VASSSSSSCO!
Rachel de Queiroz
Crónica publicada no Diário de Notícias, Suplemento Literário, de 14/12/1952. Nesse mesmo dia, o Vasco venceria o Flamengo por 1 a 0, gol de Ademir, ficando a um passo do título.
No jogo da última rodada, com o Vasco já campeão por antecipação, Rachel de Queiroz colocou a faixa de campeão no diretor João Silva, no gramado de São Januário.
Dantes eu não me atrevia a falar em futebol, como em economia política, artes plásticas, música de câmera e várias outras especialidades, não metia a colher porque conhecia o meu canto. Mas agora a coisa mudou. Posso não ter adquirido os conhecimentos, mas adquiri a investidura, que é ainda melhor. Sócia Honorária do Club de Regatas Vasco da Gama, quem pode me dizer que cale a boca? Me sinto como o general Estillac, no tempo em que era ministro da guerra: discorro sobre o que quiser, serei jurisprudente ou jurisperito à minha vontade: posso não ter a qualidade, mas autoridade, isso tenho!
Estes arrogantes pensamentos me ocorrem, enquanto contemplo a flâmula preta e branca do Vasco, que recebi das mãos do glorioso capitão do time, o Augusto. Lá está a estrela de ouro no canto direito, significando o campeonato invicto. Sim, porque isso de campeonato invicto só conhece o Vasco. Haverá outros com o título de campeão, bicampeão, e até nas sequências de pouca sorte nossa, alguém que seja tricampeão. Mas invicto quem, fora o Vasco?
Segundo já o expliquei algures, comigo não tem esse negócio de tolerância, de espírito esportivo, etc. Tolerância é bom do Arsenal. Espírito esportivo também serve para torcedor de time que apanha. Mas ao torcedor do Vasco, só convém a insolência do vencedor. Mesmo nas horas de amargura, quando a má sorte nos persegue. Pois, é claro, pode um desastre eventual nos castigar com um placar imerecido. Mas para nós o recuo é sempre o sinal de salto para diante; os gols adversos são bandarilhas num miúra de raça: só fazem irritar o touro e lhe enfurecer ainda mais a arremetida. Está aí toda a história do Vasco, que não me deixa mentir.
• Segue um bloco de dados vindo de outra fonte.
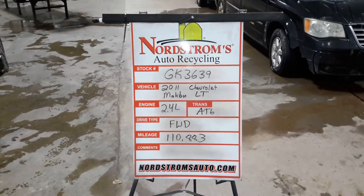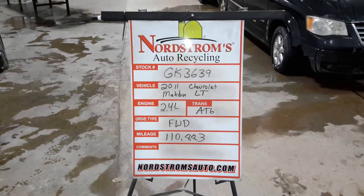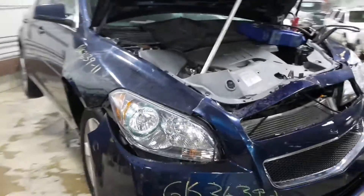Stock number GK 3639, 2011 Chevy Malibu LT, 2.4 liter automatic six-speed, front wheel drive with 110,883 miles. It's blue in color.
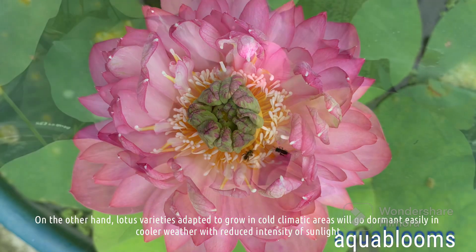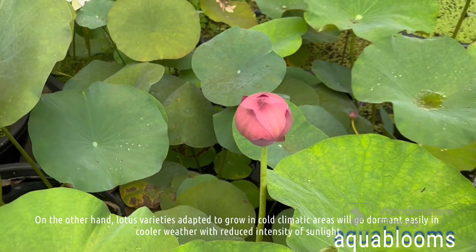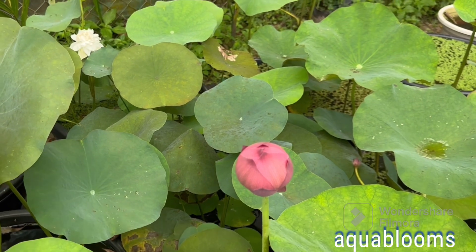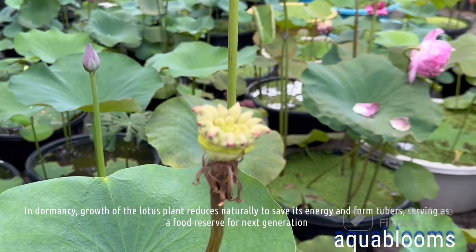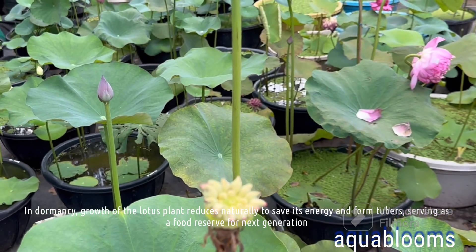On the other hand, lotus varieties adapted to grow in cold climatic areas will go dormant easily in cooler weather with reduced intensity of sunlight. In dormancy, growth of the lotus plant reduces naturally to save its energy and form tubers, serving as a food reserve for the next generation.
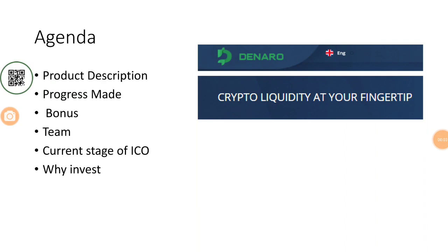Hi guys, welcome to another video from the Crypto Gurus. Today we are going to do a review of the Denaro ICO. As the tagline says, Denaro stands for 'crypto liquidity at your fingertips.' We will understand the product under the following agenda: product description, key features, progress made through the roadmap, bonus structure, team structure, current funds raised, and reasons why one should or should not invest in this ICO.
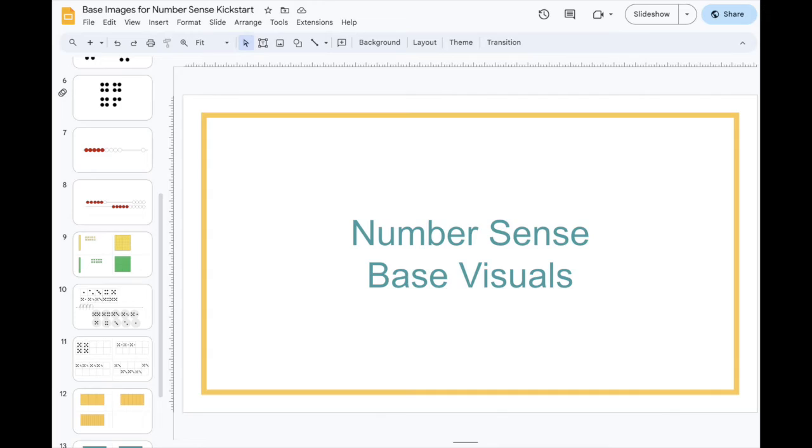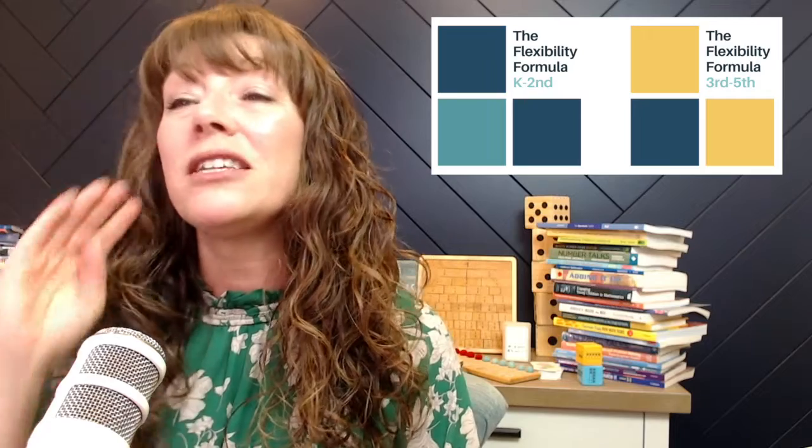The second resource I want to give you is to help you create the visuals. It's a Google Slides document that has some of my favorite visuals — just the base visuals. I don't have them arranged to create all the different quantities, but it gives you a base to start with, and you can copy and paste each item to create the different quantities you might need. For those of you who have taken my flexibility course about the eight number sense concepts, you've got a much bigger version of this document with separate ones for K–2 and grades 3–5.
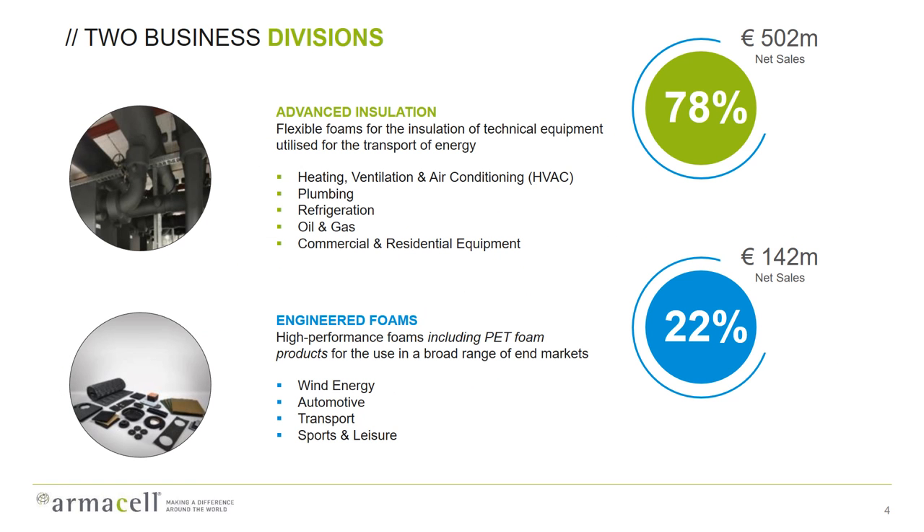Armacel has two business divisions today. The traditional advanced insulation products still account for more than three quarters of the turnover — these are the flexible foams for insulation, mainly used in the building and construction industry. But we also have the engineered foams division, where we have different types of high-performance foams for more specialized applications, including PET foam products. This is the fastest growing segment of the company.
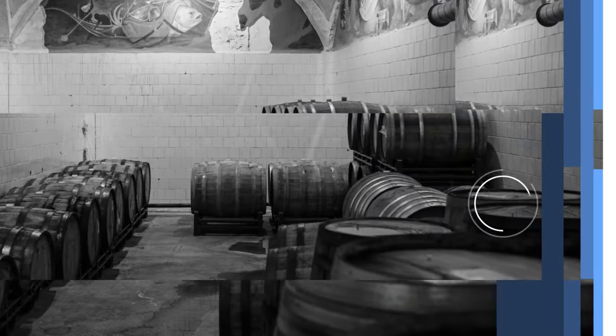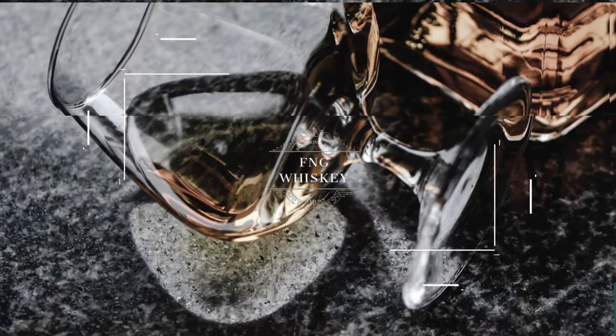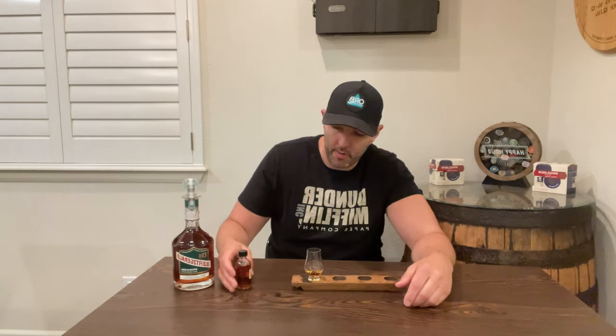Hey guys, this is F&G Whiskey. Today we've got a sample Sunday. It's an Old Fitzgerald, but it's the 17 year. Welcome back to F&G Whiskey. I'm super excited today. I did a trade here recently and in the trade I got an Old Fitzgerald 17 year. This is a 2022 spring release.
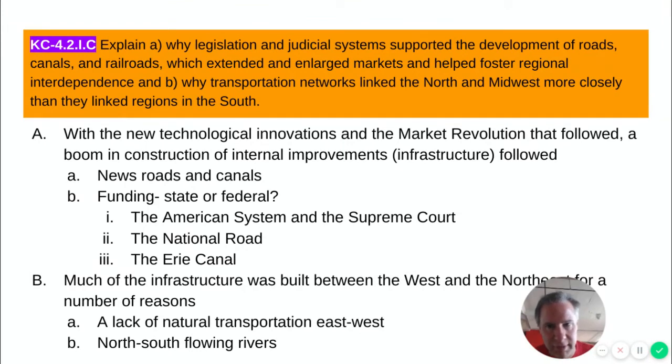So we've covered the technological innovations and the market revolution. Now we're going to see a construction boom in the United States for internal improvements — and if you remember Henry Clay's American System, that's a fancy way of saying infrastructure: roads and canals. Internal improvements were necessary to move goods from factories to consumers and raw materials to factories. We had to connect the country economically.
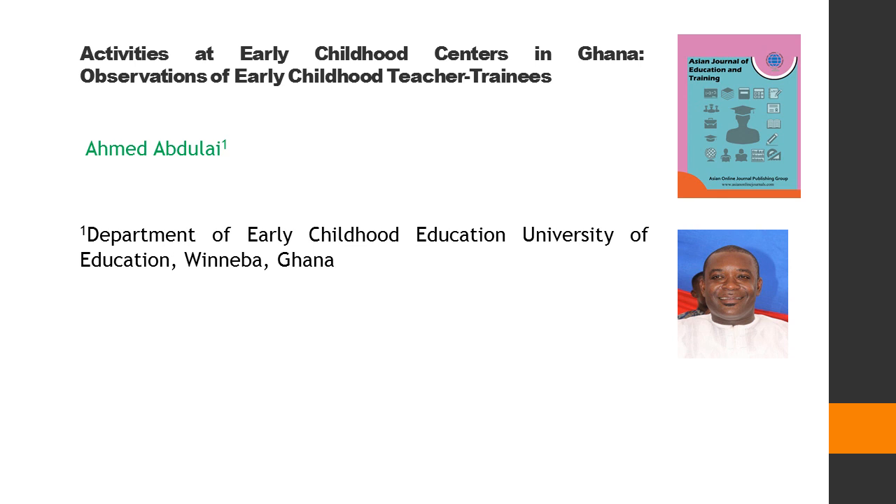Activities at Early Childhood Centres in Ghana: Observations of Early Childhood Teacher Trainees. This article is written by Ahmed Abjulai.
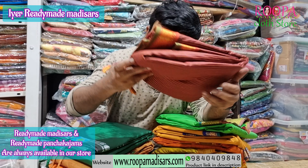The first one is a Kanji semi silk — it's a semi silk cotton sari and it's a readymade madisar sari. This one is a Bangalore silk sari; it's a Bangalore silk material and it's a higher style readymade madisar sari.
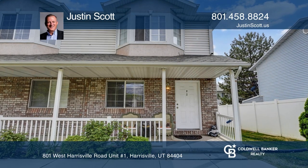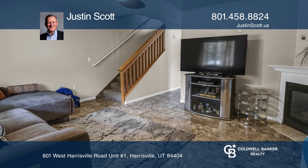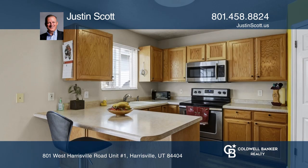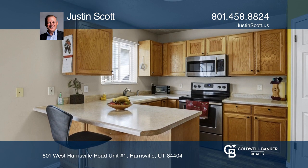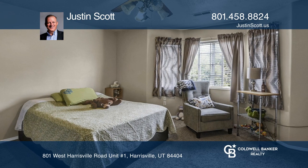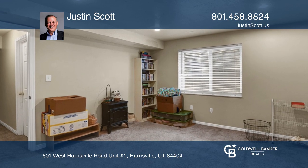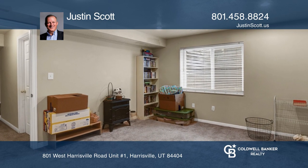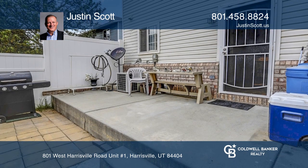Welcome home to this large three-bedroom townhouse in great condition with lots of square footage at a great price and location. This home features a gas log fireplace in the living room, laundry on the main level, a large master bedroom, a living room plus an additional downstairs family room, a private fenced back patio, and lots of natural light throughout.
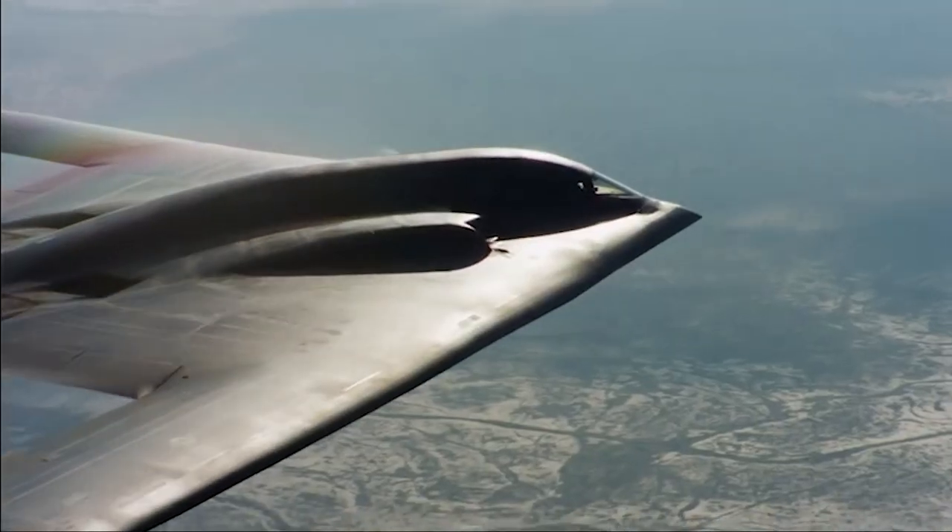The B-2 is dreaded by all Americans' rivals for one main reason: it carries nuclear weapons.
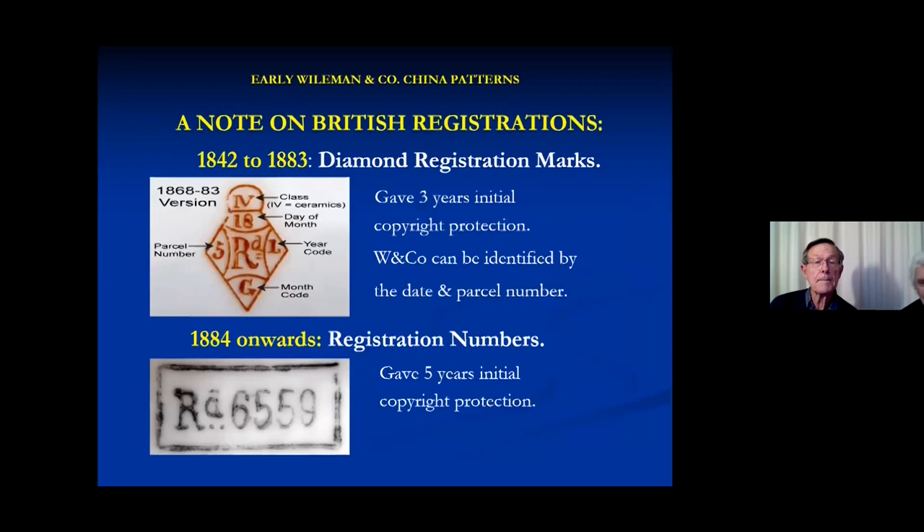A brief note about the British registration system: they had a diamond mark, and it was in code. Class four means ceramics, then the day and the date, and eventually that takes you to the parcel number — if you know the parcel number, you can find out which company registered it. In 1884, they changed to a registration number. The diamond mark gave three years coverage, and the numbers gave five years, and they couldn't be extended.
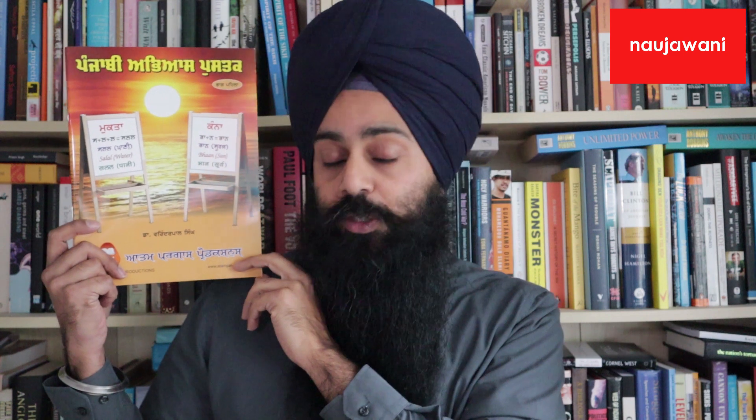For ease of use throughout this Cover2Cover, I'll be holding up this one book from the set titled Punjabi Abiyas Pustuk Paag Pehla, which is the first of a set of 4 books that help you to understand the characters and the way that words are formed in the Punjabi language.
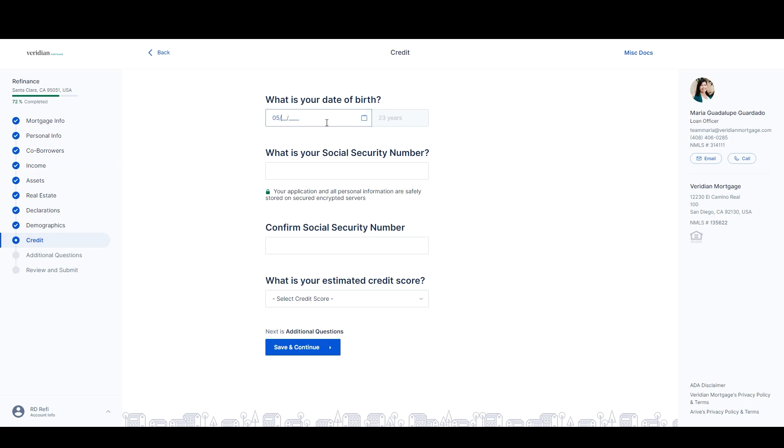This is the credit section. Your loan officer will be discussing your credit pull options with you. For complete pre-approval, we highly recommend your credit be reviewed.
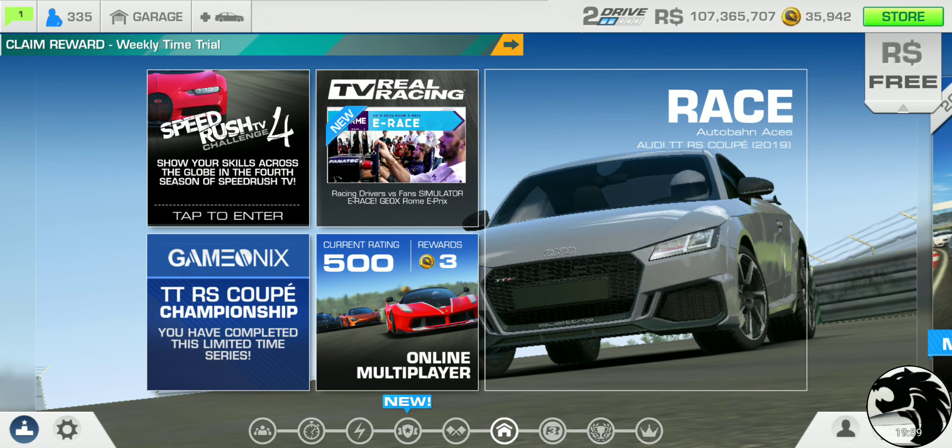To complete the bonus series Autobahn Aces that this car is featured in, you'll need a PR of 56.3. The series also features a couple of Mercedes and a BMW M6 Coupe. I wouldn't be surprised if the other three cars fall short of the 56.3 PR requirement when maxed out — I'll confirm that in a separate video. For now, that wraps up this series overview of the brand new Audi TT RS Coupe championship.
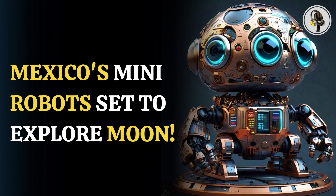Medina-Tanco explained that the bots, made of stainless steel, titanium alloys, and space-grade aluminum, are equipped to gather lunar minerals that could be useful in future space mining.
Sim, Homem é o Rui, mas jogo é o Vasco. Fora disso não tem mais. Não gosto de desfazer nos outros, mas reparem. Ultimamente, só se falava no arrojo do Fluminense. E afinal que é que se vê? O Fluminense - desculpem os amigos mas não digo menos verdade - o Fluminense de repente descobre que futebol é tapar o gol com uma barreira, e deixar a bola correr... nos pés dos outros. Porque arranjaram o segundo melhor keeper do Brasil (já que o primeiro é o meu amigo Barbosa), acreditaram no trocadilho, traduziram castilho por castelo, e se entrincheiraram por detrás dessa torre humana. Estará isso certo? Será futebol? Onde a audácia fulminante dum Ademir, onde um ataque maciço e blindado como o do nosso Almirante?
No Flamengo não falo porque tenho um certo medo. Não é medo do time, é medo da torcida. Se tivesse coragem falava; se não fosse o receio de que eles me linchassem, diria que o clube do meu caro Zé Lins do Rego ganha mais jogos do lado de fora do campo do que dentro dele. Mas vê se alguém é bobo de falar. Deixa falarem eles. Podem provocar à vontade, gritar até ficarem roucos aquela cantiga que o "Mengo é o maior". Nós no Vasco ficamos calados, só jogando. Quem faz gol não é a gaitinha do Ari, é o peito e a classe, não é mesmo? Que o Flamengo pode ter peito, e o Fluminense ter classe - mas classe e peito juntos, quem é que tem, senão o Vasco?
Esta declaração vai sair impressa justamente na manhã do embate Vasco x Flamengo, que praticamente decidirá o destino do campeonato da cidade. Pois fé se mostra é antes do jogo, não é depois.
Vamos a campo para vencer, rapaziada. Enquanto vocês lutam lá no Maracanã, nós aqui na Ilha vamos fazendo força, junto da televisão, contem com os nossos santos, - tem terreiro inteiro trabalhando pra vocês. Pé ligeiro e chute forte, vamos ver Deus por quem é!